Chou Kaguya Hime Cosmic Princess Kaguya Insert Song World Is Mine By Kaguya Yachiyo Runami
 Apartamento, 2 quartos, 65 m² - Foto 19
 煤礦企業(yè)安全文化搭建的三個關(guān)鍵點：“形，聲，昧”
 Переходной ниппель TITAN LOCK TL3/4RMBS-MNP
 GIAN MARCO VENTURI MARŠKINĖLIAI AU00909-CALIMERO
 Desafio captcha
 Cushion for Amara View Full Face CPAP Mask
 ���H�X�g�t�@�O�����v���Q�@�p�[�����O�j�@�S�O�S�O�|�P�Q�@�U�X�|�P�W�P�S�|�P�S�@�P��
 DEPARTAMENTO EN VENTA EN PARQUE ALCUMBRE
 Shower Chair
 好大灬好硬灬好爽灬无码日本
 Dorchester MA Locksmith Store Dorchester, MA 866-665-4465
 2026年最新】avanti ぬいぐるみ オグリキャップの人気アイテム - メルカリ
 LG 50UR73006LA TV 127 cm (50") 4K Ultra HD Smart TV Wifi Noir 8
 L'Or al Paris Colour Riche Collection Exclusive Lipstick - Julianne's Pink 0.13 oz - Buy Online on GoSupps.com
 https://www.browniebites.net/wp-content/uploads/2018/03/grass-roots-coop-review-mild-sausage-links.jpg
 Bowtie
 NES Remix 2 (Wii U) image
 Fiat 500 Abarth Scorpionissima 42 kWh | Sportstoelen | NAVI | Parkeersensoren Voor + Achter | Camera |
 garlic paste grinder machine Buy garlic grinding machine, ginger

• [PROBLEM REQUIREMENTS]:
Of the lines above, extract only those from the line with "2026年最新】avanti ぬいぐるみ オグリキャップの人気アイテム - メルカリ" to the line with "NES Remix 2 (Wii U) image", both included, exactly as written.

• [RESULT OF THIS TASK]:
 2026年最新】avanti ぬいぐるみ オグリキャップの人気アイテム - メルカリ
 LG 50UR73006LA TV 127 cm (50") 4K Ultra HD Smart TV Wifi Noir 8
 L'Or al Paris Colour Riche Collection Exclusive Lipstick - Julianne's Pink 0.13 oz - Buy Online on GoSupps.com
 https://www.browniebites.net/wp-content/uploads/2018/03/grass-roots-coop-review-mild-sausage-links.jpg
 Bowtie
 NES Remix 2 (Wii U) image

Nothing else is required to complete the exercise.